Victory would constrain Lee’s options for the next day. With no way to flank the Union, Lee was left with a thrust straight at the heart of the Union line, Pickett’s doomed charge into the maw of Northern guns firing down from the high ground. Winning the fight for Little Round Top was critical for the Northern victory at Gettysburg. It is the high water mark from which the South would recede forever. But it was almost lost.

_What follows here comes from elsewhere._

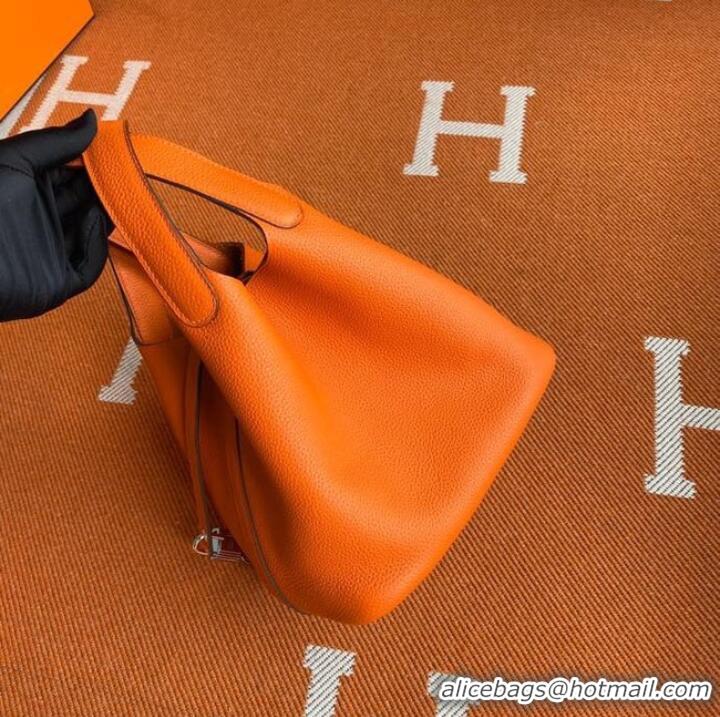 Top Quality Hermes Picotin Lock Bags Original togo Leather PL3388 orange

We gathered on the highest ridge at Little Round Top, in a semi-circle around Willink, Abbott, Baker, and the other SEALs. It had started to rain. Some pulled out umbrellas. I put on a rain poncho some young technologists had given me, a world away in California. It says “Dyson Sphere Maintenance Crew” across the back. A Dyson Sphere is a sci-fi dream to harness all the power of the sun. I can’t think of a more remote concept from what I was looking down upon.
In the fields below us, in an area called the Devil’s Den, and near it the Wheat Field, by the afternoon of July 2nd, the bullets had cut the wheat down and painted it red. There were 6,000 dead or wounded in the Wheat Field that day and they were packed in so tight soldiers later said you could walk from one end of the field to the other without ever touching the ground. The farmers had fled the area, but their hogs stuck around, and had started eating on the dead and wounded men. Soldiers wrote in their journals that they stayed up all night with swords and bayonets trying to keep the hogs at bay in the dark.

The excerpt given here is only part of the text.